__Caption-style text data__
★ ★ ★ ★ ★ ★ ★
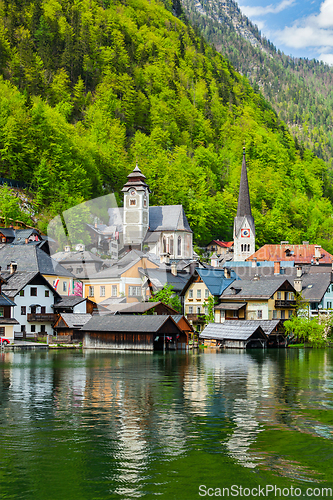 Image of Hallstatt village, Austria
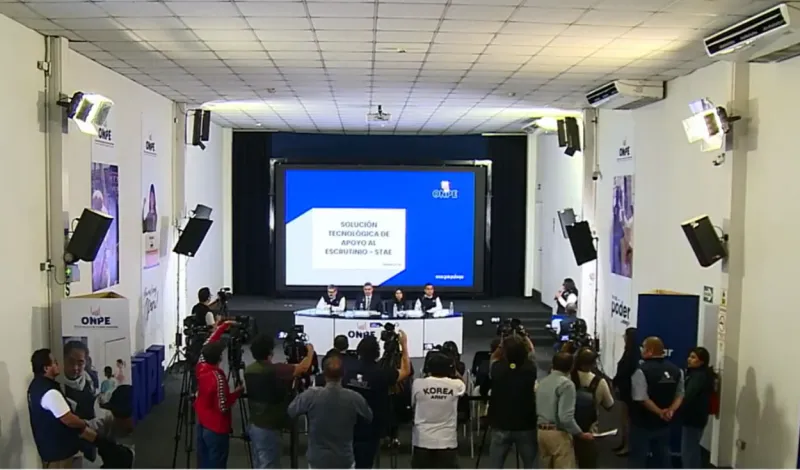 ONPE respaldó el uso del sistema STAE en las Elecciones 2026 y aseguró que se instalaron más de 1.900 mesas inclusivas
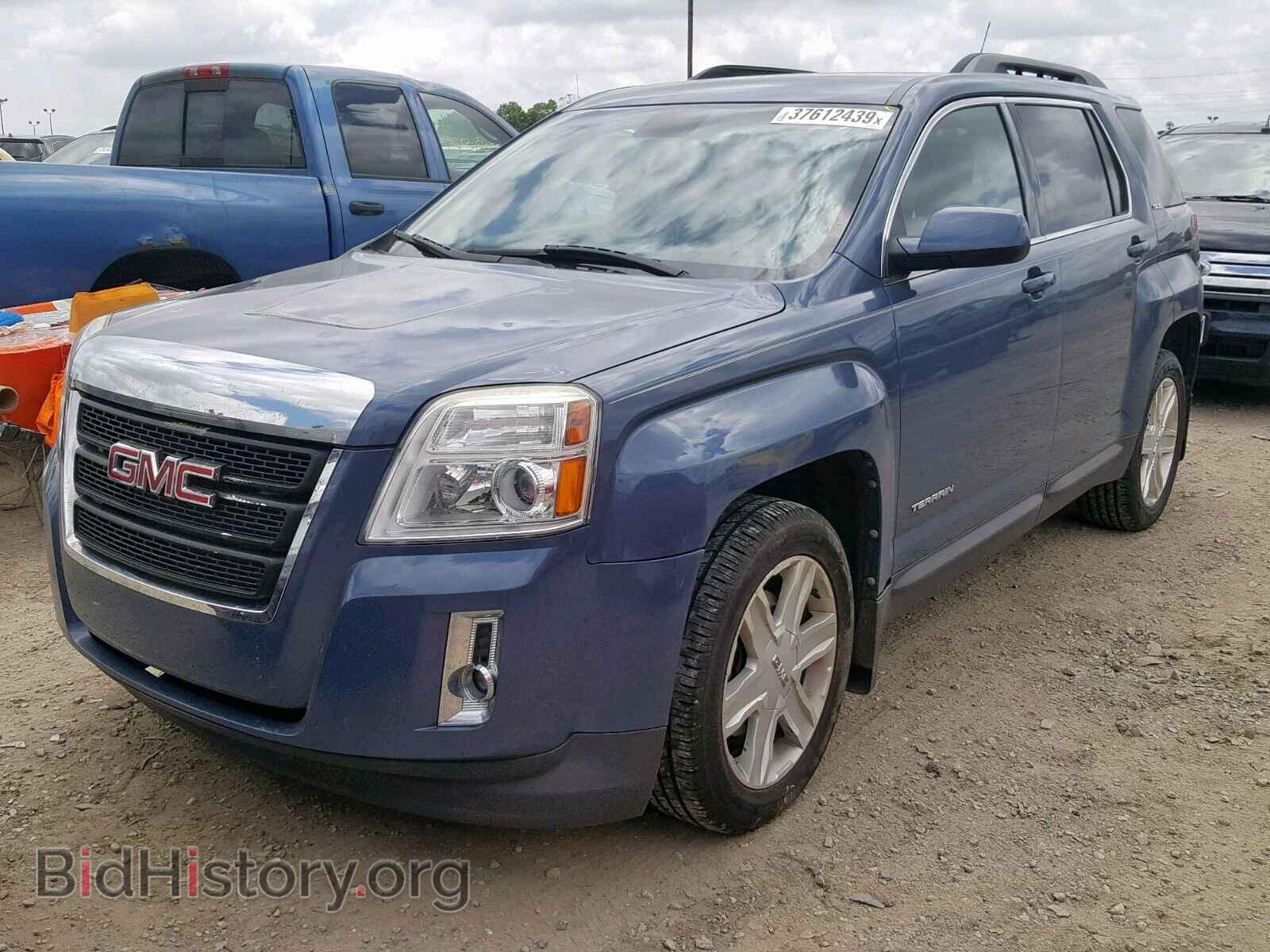 2012 GMC TERRAIN SL - VIN: 2GKFLTEK6C6167797 - Фото 2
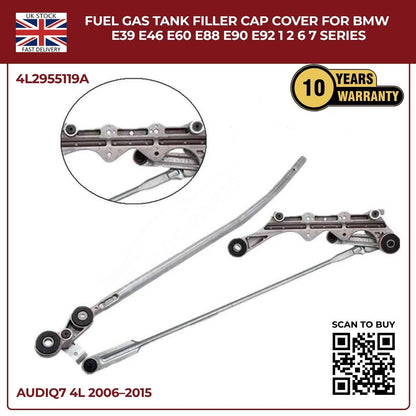 Front Windscreen Wiper Linkage  – Audi Q7 4L SUV (2006–2015) | 3.0 V6 TFSI | OEM 4L2955119A
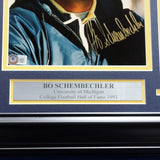 Bo Schembechler Autographed Signed Framed 8x10 Photo Michigan Beckett #BH041796
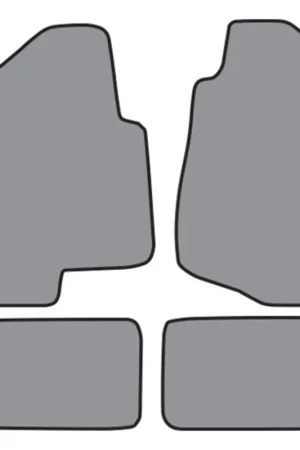 Floor Mats for 2007-2010 Cadillac Escalade EXT Crew Cab 4pc (FM330 FM330R) Same Day Shipping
★ ★ ★ ★ ★ ★ ★
__THE TASK__
From the data above, retype only the lines starting with the line with "ONPE respaldó el" and going on through the line with "Bo Schembechler Autographed", exactly, leaving out the pictures.

__ANSWER FOR THE TASK__
 ONPE respaldó el uso del sistema STAE en las Elecciones 2026 y aseguró que se instalaron más de 1.900 mesas inclusivas
 2012 GMC TERRAIN SL - VIN: 2GKFLTEK6C6167797 - Фото 2
 Front Windscreen Wiper Linkage  – Audi Q7 4L SUV (2006–2015) | 3.0 V6 TFSI | OEM 4L2955119A
 Bo Schembechler Autographed Signed Framed 8x10 Photo Michigan Beckett #BH041796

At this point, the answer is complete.